Excerpted data:
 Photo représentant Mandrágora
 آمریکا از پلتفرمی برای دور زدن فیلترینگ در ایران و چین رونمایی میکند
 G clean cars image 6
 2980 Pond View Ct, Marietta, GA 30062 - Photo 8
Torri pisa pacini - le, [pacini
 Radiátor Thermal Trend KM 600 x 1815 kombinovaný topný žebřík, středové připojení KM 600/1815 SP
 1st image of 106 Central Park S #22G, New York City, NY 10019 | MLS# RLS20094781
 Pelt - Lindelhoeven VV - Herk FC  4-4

--

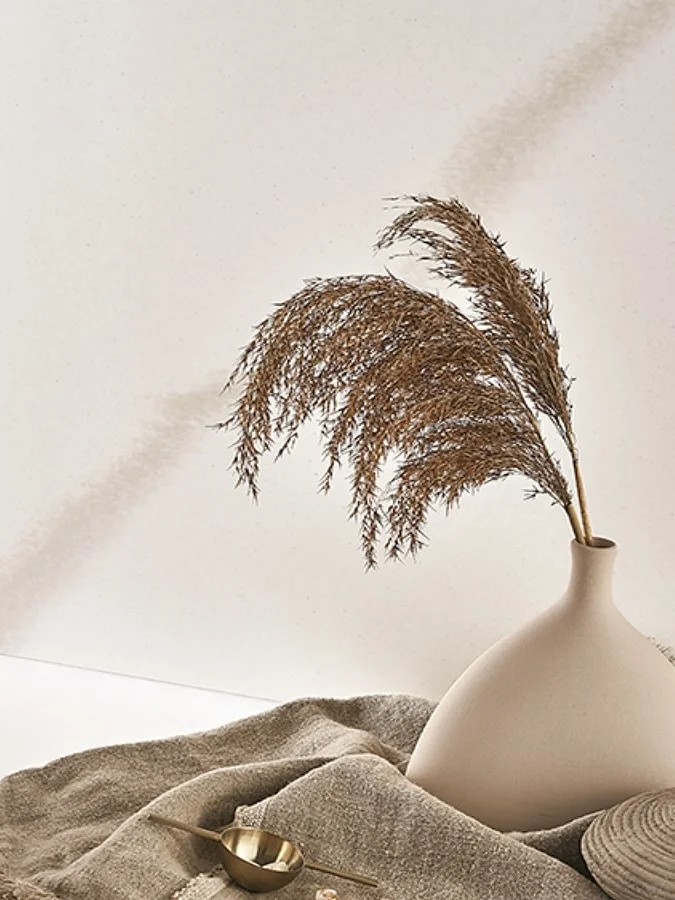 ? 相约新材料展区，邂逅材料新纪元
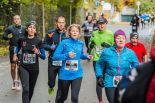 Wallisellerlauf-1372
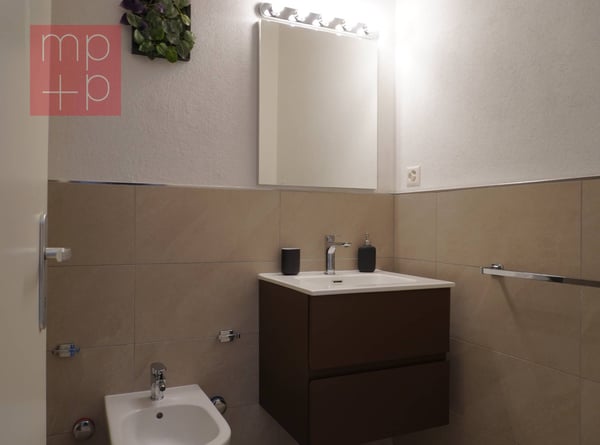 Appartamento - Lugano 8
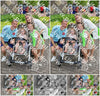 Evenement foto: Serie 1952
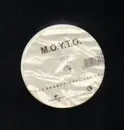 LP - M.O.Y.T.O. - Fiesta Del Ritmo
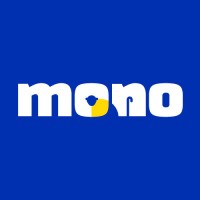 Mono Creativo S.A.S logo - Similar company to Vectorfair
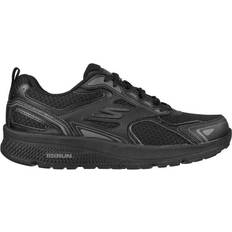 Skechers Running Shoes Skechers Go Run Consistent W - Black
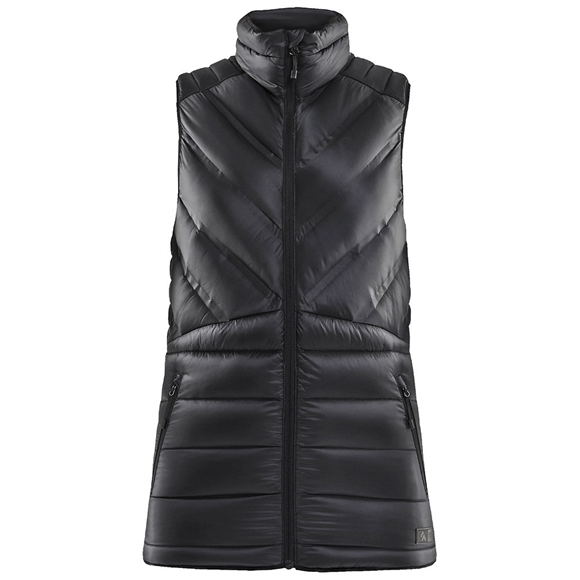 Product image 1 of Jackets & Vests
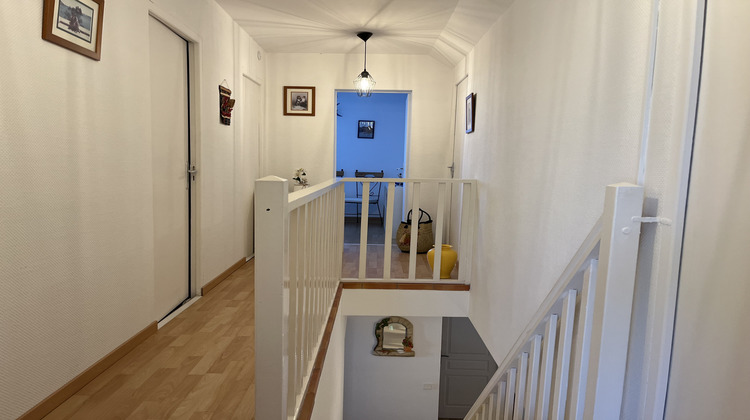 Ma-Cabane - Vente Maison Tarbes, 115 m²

Problem to solve: List the lines of the records where "Photo" occurs.

Your solution:
 Photo représentant Mandrágora
 2980 Pond View Ct, Marietta, GA 30062 - Photo 8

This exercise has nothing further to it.